Die Musik spielt im Pazifik – mit nationalistischen Misstönen

Den Wiederaufstieg Asiens zu globaler Dominanz können nur die Asiaten selbst verhindern. Vor allem Chinesen und Japaner.

GedankenLese
Blick in politische ZeitschriftenVergangene Woche schaute US-Präsident Barack Obama wieder einmal für ein paar Tage in „Good Old Europe“ vorbei und hielt eine seiner schönen Reden in Berlin. Schön. Aber dieser Trip konnte nicht darüber hinwegtäuschen, dass sich die außenpolitischen Prioritäten der USA in den vergangenen Jahren verschoben haben: Die Globalmacht USA richtete ihre Interessen schon unter Obamas Vorgängern im Weißen Haus verstärkt danach aus, wo die Musik am lautesten spielt. Und das ist der asiatisch-pazifische Raum. Europa hat durch die Kakofonie in seiner Außen- und Sicherheitspolitik in den vergangenen Jahren selbst dafür gesorgt, seine Rolle im globalen Mächtekonzert zu marginalisieren.

Also Asiens Wiederaufstieg zu globaler Dominanz, Niedergang Europas und später einmal der ganzen westlichen Welt? Der weltpolitische Vordenker Joseph S. Nye erinnert in der Fachzeitschrift „The American Interest“ (4/2013) daran, dass Japan noch in den 1990er-Jahren von manchen der Aufstieg zur „Nummer eins der Welt“ prophezeit worden war. Wo aber steht Japan heute? Nye geht jedoch einer anderen Frage nach – nämlich jener, ob die Rivalitäten zwischen China und Japan in einen Krieg ausarten und die USA da mit hineingezogen werden könnten.
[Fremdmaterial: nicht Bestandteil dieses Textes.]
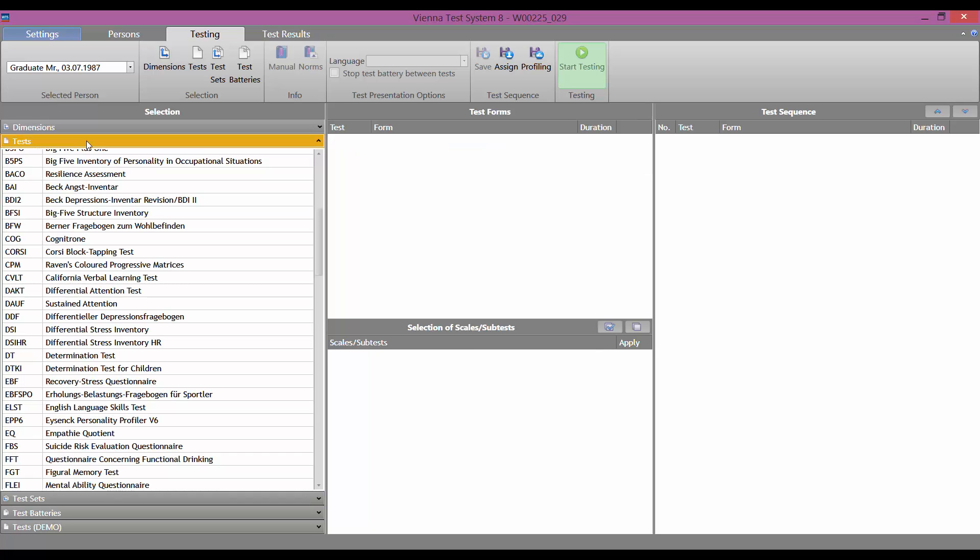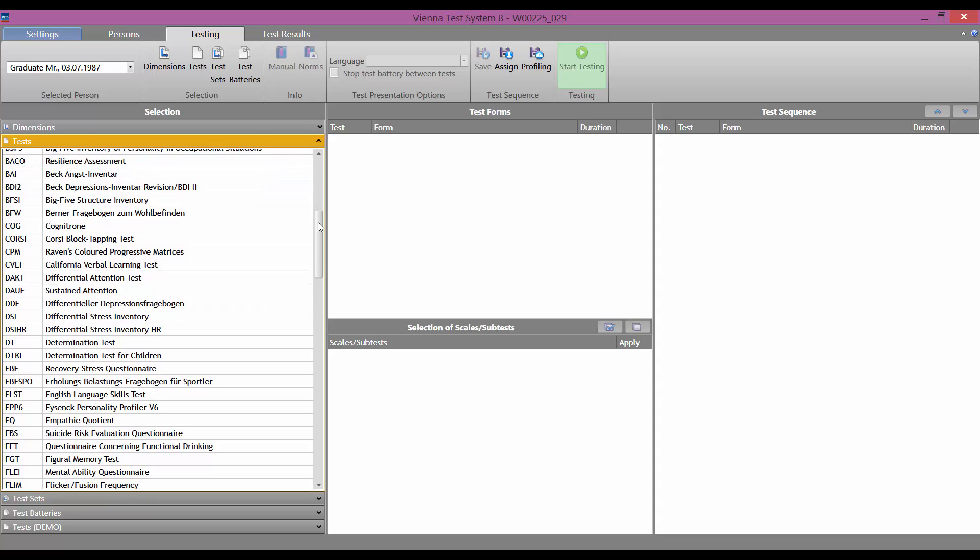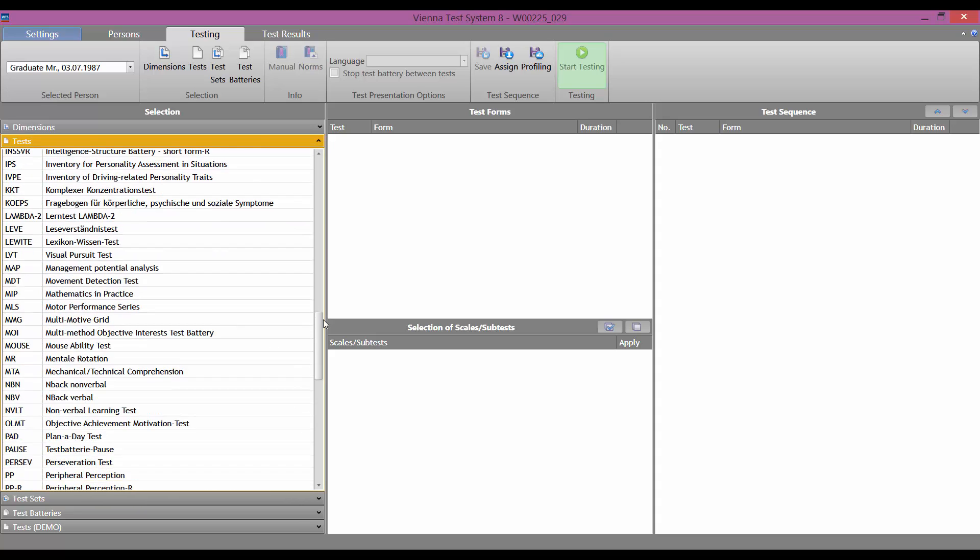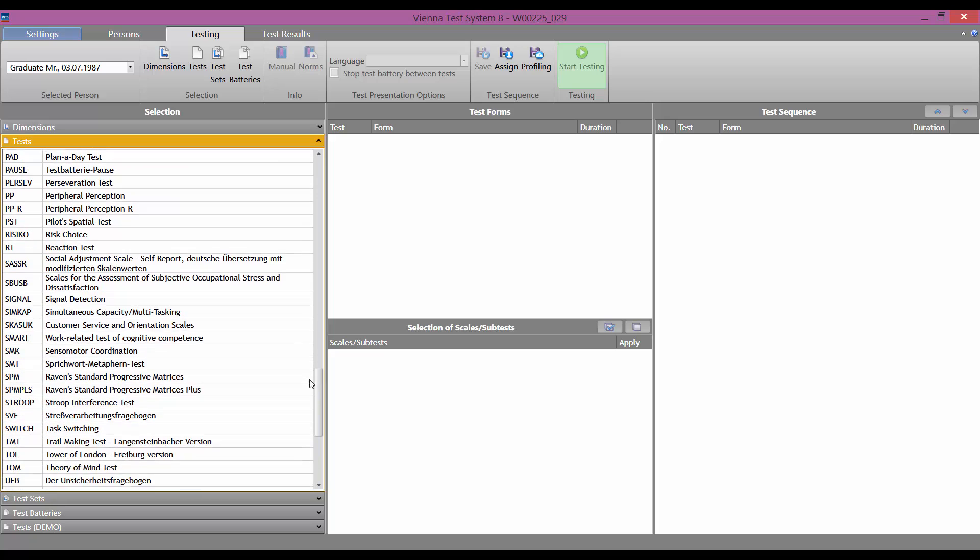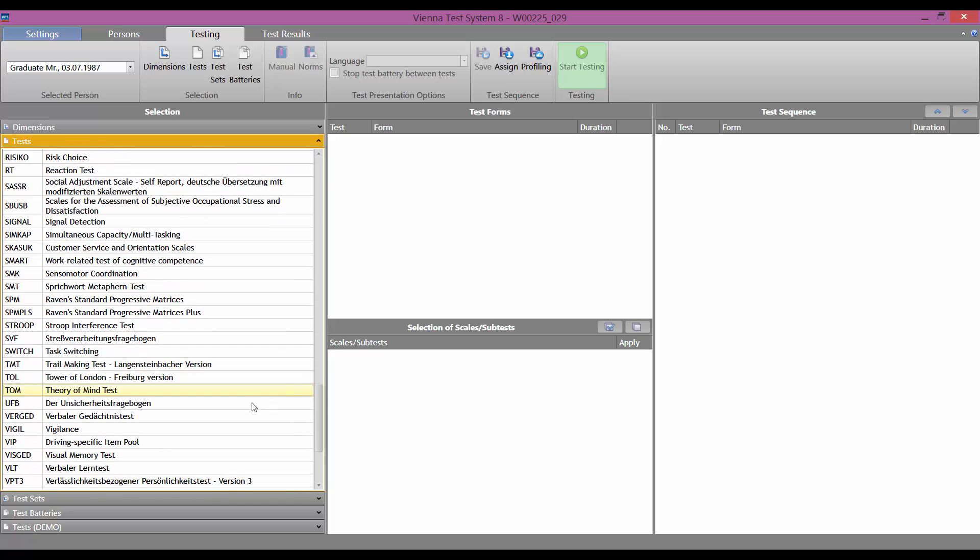We are now going to present the test Tower of London Freiburg version. Its short name is TOL. So we click on this test in the left-hand column, in the tests sub-menu.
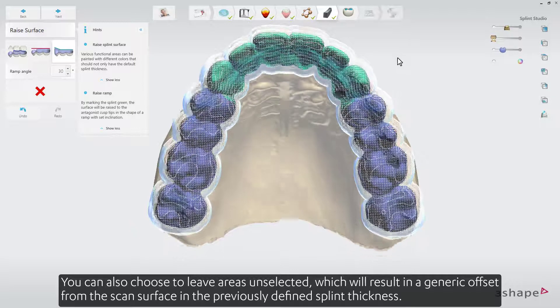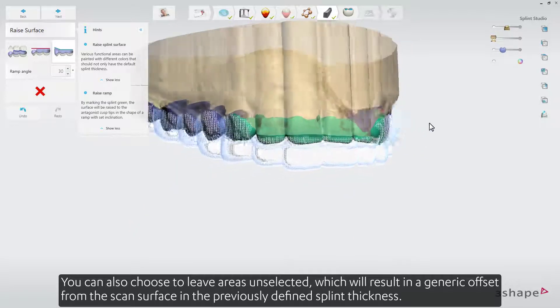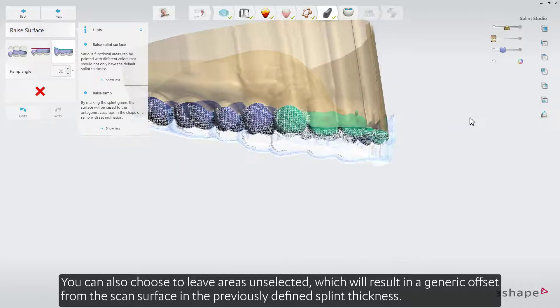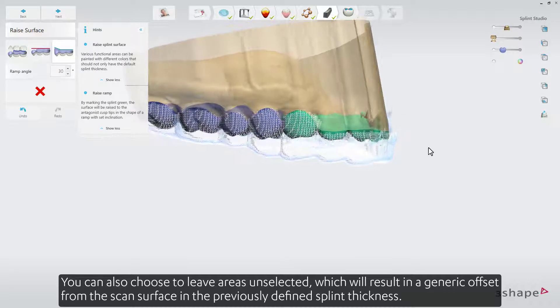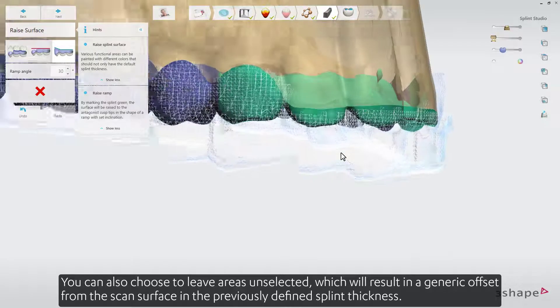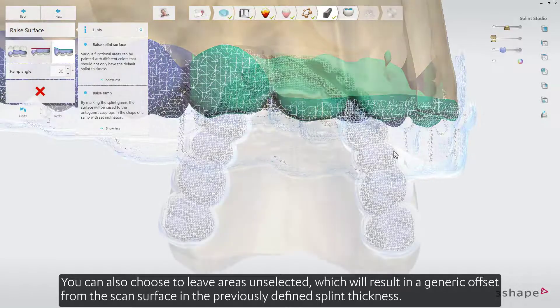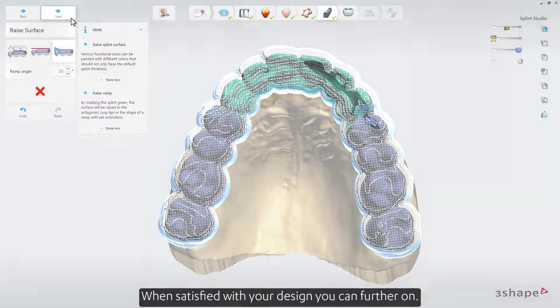You can also choose to leave areas unselected, which will result in a generic offset from the scan surface in the previously defined splint thickness. When satisfied with your design, you can move further on.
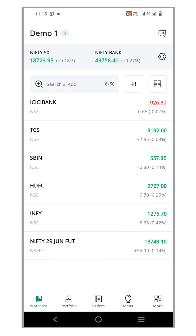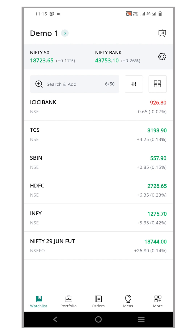Welcome back Traders! Today, we are going to explore the Reorder feature on the Flip mobile app. It's a functionality that allows you to effortlessly replicate your previous trades with a single click. Instead of manually re-entering all the trade details every time you want to execute a similar order, this feature saves you time and streamlines your trading process. Let's take a closer look at how this feature works.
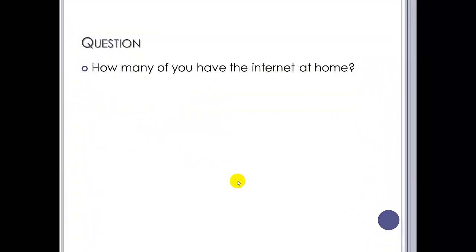So, question: how many of you have the internet at home? This is a statement you often hear. Yeah, I've got the net at home. Well, none of you have, because what you have is access to the internet. But more on that a bit later.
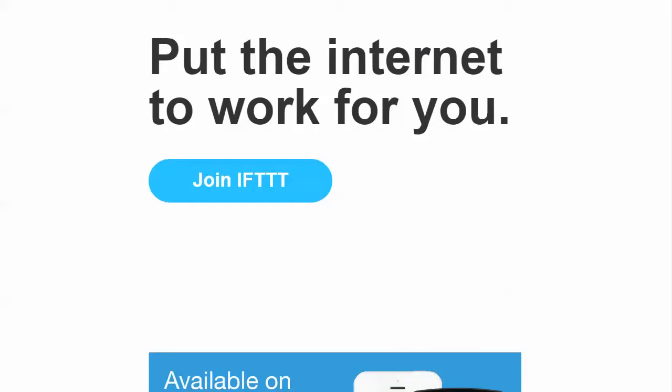Hello, this is Adam with Semantic Mastery. Today I wanted to talk real quick about IFTTT and how you can use it in your business.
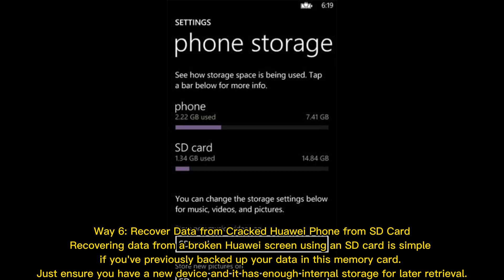Way 6: Recover data from a cracked Huawei phone using an SD card. Recovering data from a broken Huawei screen using an SD card is simple if you've previously backed up your data to the memory card. Just ensure you have a new device with enough internal storage for retrieval.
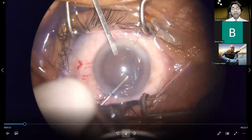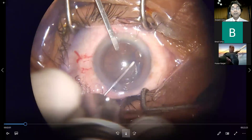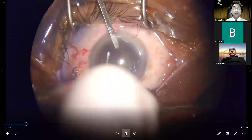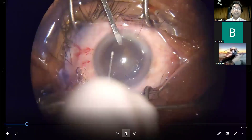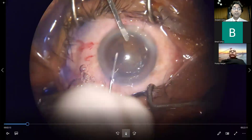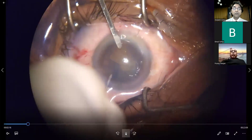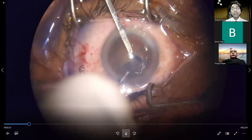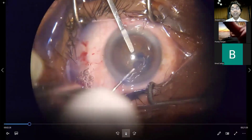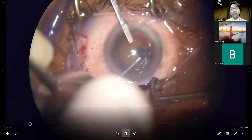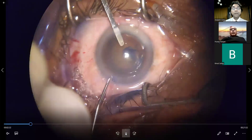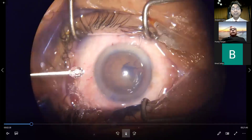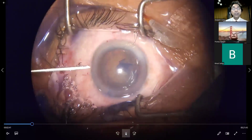Using a bent 26-gauge needle fashioned as a cystitome, the anterior capsular flap is raised and placed over the anterior capsule. This flap is rotated all around to give a circular anterior capsular opening. The spatula not only stabilizes the globe but can also be used to flatten the flap. We have accomplished a central capsulorhexis, followed by the hydro procedure.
Das Kernproblem ist der Nationalismus in den beiden großen ostasiatischen Ländern. Die Chinesen befürchten, dass in Japan ein rechtsgerichteter militaristischer Nationalismus wiederauferstehen könnte. Nicht nur die Japaner, sondern fast alle Nachbarn misstrauen dem außenpolitisch immer selbstbewussteren, militärisch aufrüstenden China, das mit ausgefahrenen Ellbogen durch die ganze Region stampft und dampft. Die größte Gefahr ist, schreibt Nye, dass sich die Nationalisten in China und in Japan gegenseitig hochschaukeln, bis eines der beiden Länder schließlich nicht nur verbal ausschlägt. Die USA, rät der Harvard-Professor, sollten in dieser Situation keine Politik der Eindämmung gegenüber China betreiben, sie sollten ihre eigene Politik im pazifischen Raum auch nicht „übermilitarisieren“, sondern sie sollten Peking ermutigen, seine Instrumente „weicher“ Machtpolitik besser zu entwickeln, um das große Misstrauen seiner Nachbarn abzubauen.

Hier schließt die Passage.